5. Expectável, no seu pior sentido, foi a posição dos países de Visegrado (com a Polónia mais "nuancée") e outros Estados do centro e Leste da Europa. Sei bem que não é saudável, para o bem-estar intra-europeu, estar a estigmatizar países. Mas é importante que fique clara a posição de quem tem na Europa uma atitude humanista, à altura das grandes tradições do continente, e de quem a não tem, recriando agora para outros os "muros" que denunciou, e bem, no passado.
6. Sabiam, por acaso, que no anonimato cobarde das redes sociais de muitos desses países, circulam graçolas xenófobas,que se congratulam e ironizam com a morte de Aylan, a criança curda que morreu na praia grega? Sabiam que a maior parte da imprensa desses países "escondeu" até onde pôde a foto de Aylan, nalguns casos recusando-se a publicá-la, porque podia gerar sentimentos contrários a orientação dos governos? Sabiam que estão em vigor em alguns desses países instruções para as televisões não filmarem crianças e mulheres refugiadas, privilegiando homens jovens com aspeto de emigrantes económicos?
7. Não obstante, foi arrogante e inaceitável a atitude do ministro alemão do Interior, "ameaçando" com os corte dos fundos estruturais aos Estados que não acolham refugiados. Concordo que a atitude desses países está a ser miserável e indigna, porque negam agora solidariedade a alguns quando antes a receberam de outros, mas não quero uma Europa cujas regras podem ser subvertidas e ditadas por um ministro alemão. Principalmente do Interior.

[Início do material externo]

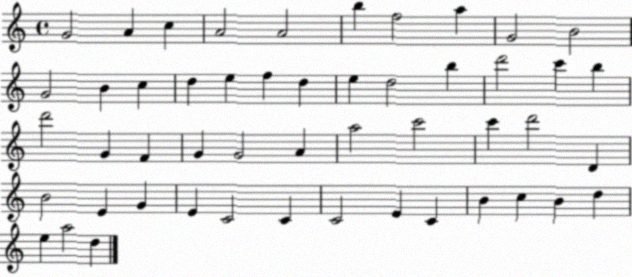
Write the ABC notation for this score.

X:1
T:Untitled
M:4/4
L:1/4
K:C
G2 A c A2 A2 b f2 a G2 B2 G2 B c d e f d e d2 b d'2 c' b d'2 G F G G2 A a2 c'2 c' d'2 D B2 E G E C2 C C2 E C B c B d e a2 d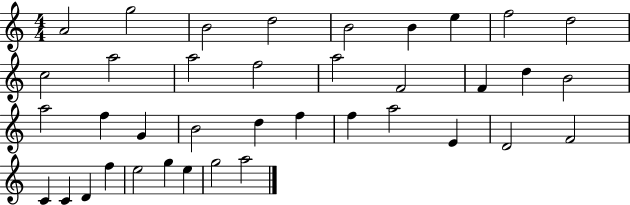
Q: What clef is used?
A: treble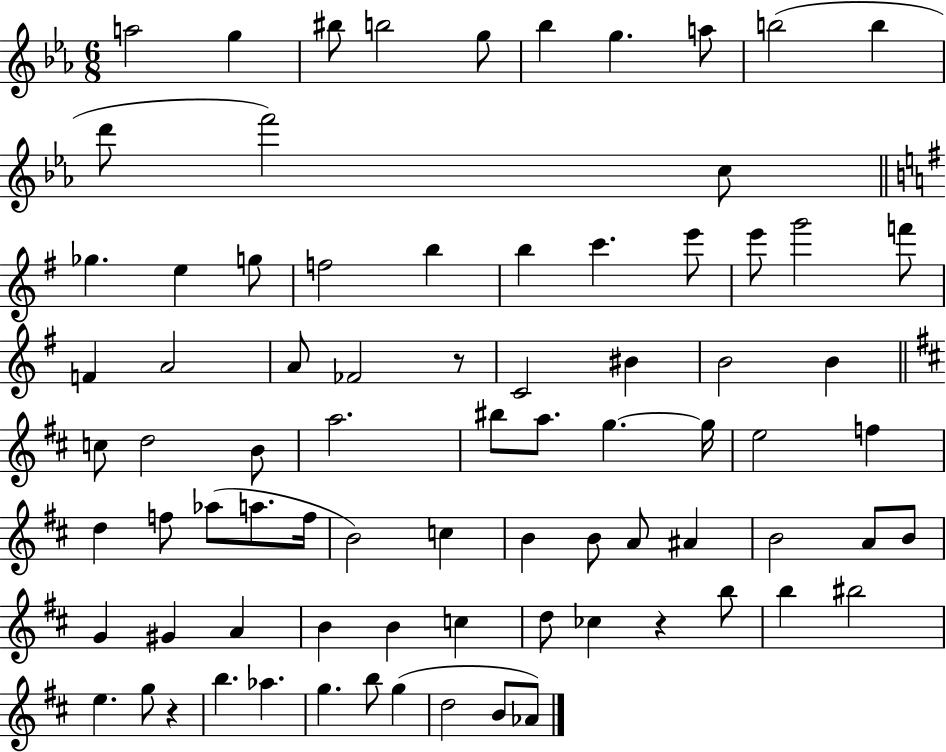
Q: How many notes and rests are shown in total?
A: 80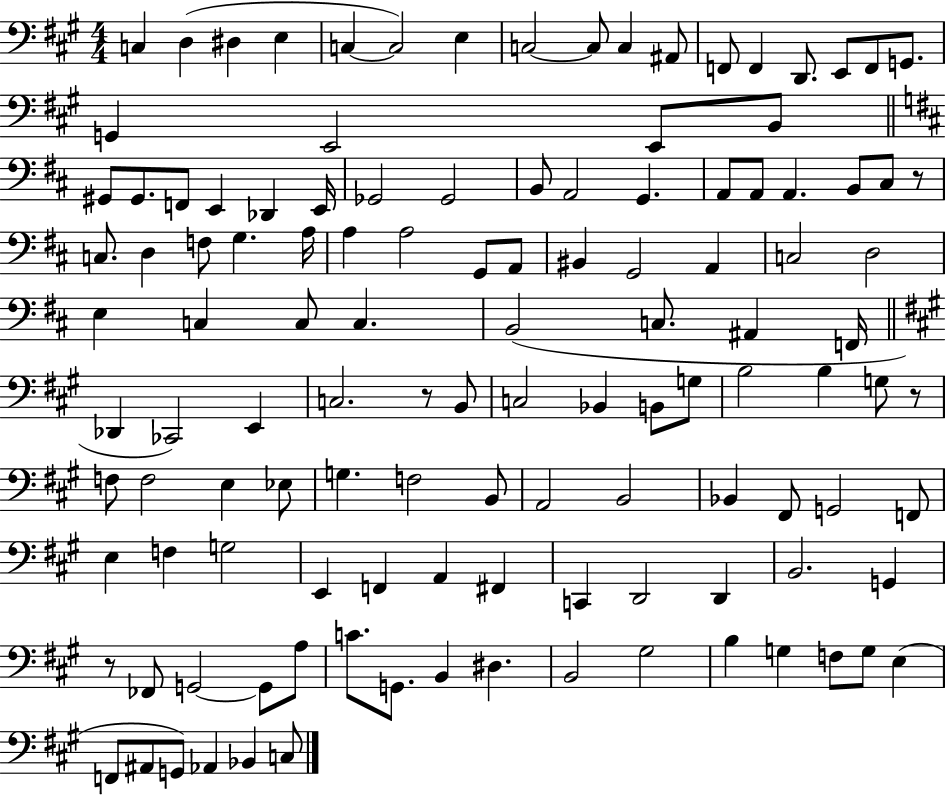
X:1
T:Untitled
M:4/4
L:1/4
K:A
C, D, ^D, E, C, C,2 E, C,2 C,/2 C, ^A,,/2 F,,/2 F,, D,,/2 E,,/2 F,,/2 G,,/2 G,, E,,2 E,,/2 B,,/2 ^G,,/2 ^G,,/2 F,,/2 E,, _D,, E,,/4 _G,,2 _G,,2 B,,/2 A,,2 G,, A,,/2 A,,/2 A,, B,,/2 ^C,/2 z/2 C,/2 D, F,/2 G, A,/4 A, A,2 G,,/2 A,,/2 ^B,, G,,2 A,, C,2 D,2 E, C, C,/2 C, B,,2 C,/2 ^A,, F,,/4 _D,, _C,,2 E,, C,2 z/2 B,,/2 C,2 _B,, B,,/2 G,/2 B,2 B, G,/2 z/2 F,/2 F,2 E, _E,/2 G, F,2 B,,/2 A,,2 B,,2 _B,, ^F,,/2 G,,2 F,,/2 E, F, G,2 E,, F,, A,, ^F,, C,, D,,2 D,, B,,2 G,, z/2 _F,,/2 G,,2 G,,/2 A,/2 C/2 G,,/2 B,, ^D, B,,2 ^G,2 B, G, F,/2 G,/2 E, F,,/2 ^A,,/2 G,,/2 _A,, _B,, C,/2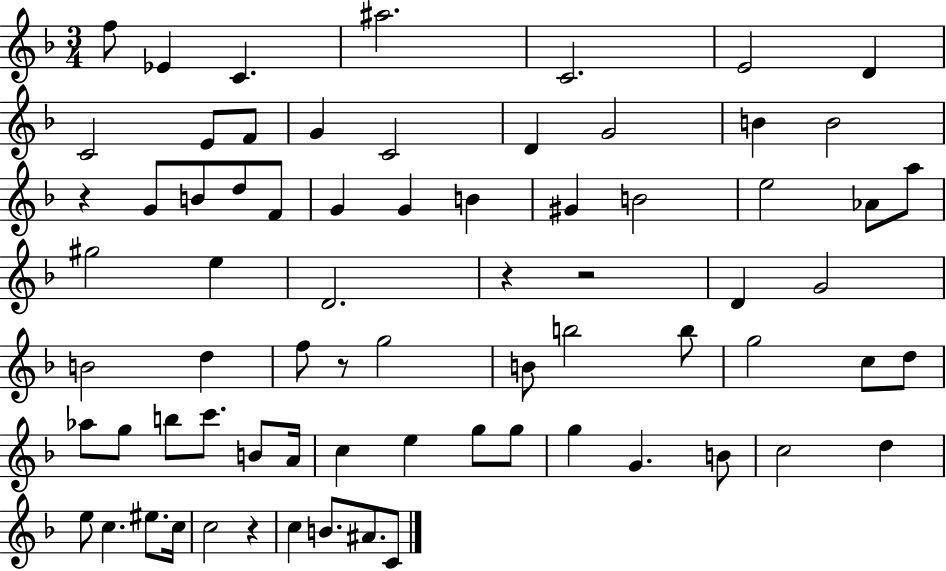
{
  \clef treble
  \numericTimeSignature
  \time 3/4
  \key f \major
  f''8 ees'4 c'4. | ais''2. | c'2. | e'2 d'4 | \break c'2 e'8 f'8 | g'4 c'2 | d'4 g'2 | b'4 b'2 | \break r4 g'8 b'8 d''8 f'8 | g'4 g'4 b'4 | gis'4 b'2 | e''2 aes'8 a''8 | \break gis''2 e''4 | d'2. | r4 r2 | d'4 g'2 | \break b'2 d''4 | f''8 r8 g''2 | b'8 b''2 b''8 | g''2 c''8 d''8 | \break aes''8 g''8 b''8 c'''8. b'8 a'16 | c''4 e''4 g''8 g''8 | g''4 g'4. b'8 | c''2 d''4 | \break e''8 c''4. eis''8. c''16 | c''2 r4 | c''4 b'8. ais'8. c'8 | \bar "|."
}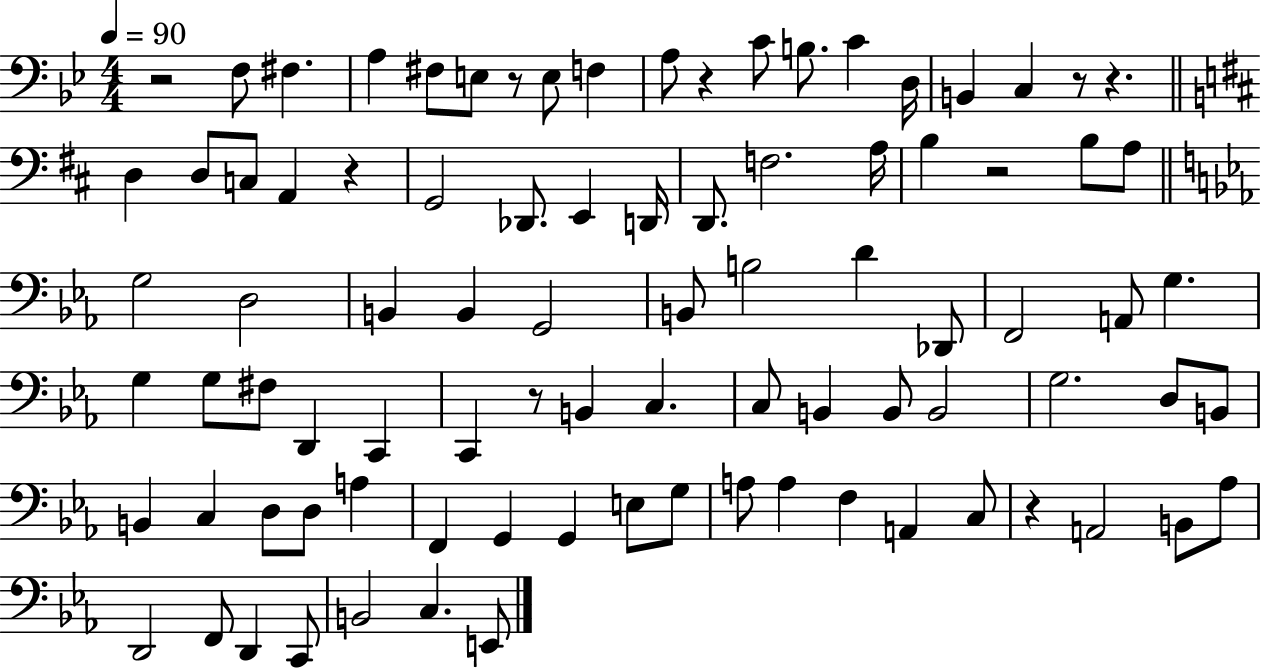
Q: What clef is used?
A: bass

8. Devemos manter-nos muito atentos ao debate sobre o futuro do acordo de Schengen, que é inevitável. A filosofia europeia que enforma a nossa postura na ordem externa, a que não são alheias considerações que relevam da nossa particular posição geográfica, do facto de sermos origem de migrações económicas e de possuirmos uma diáspora que tem toda a vantagem na livre circulação europeia deve obrigar qualquer governo nacional a estar na vanguarda da defesa desse importante princípio.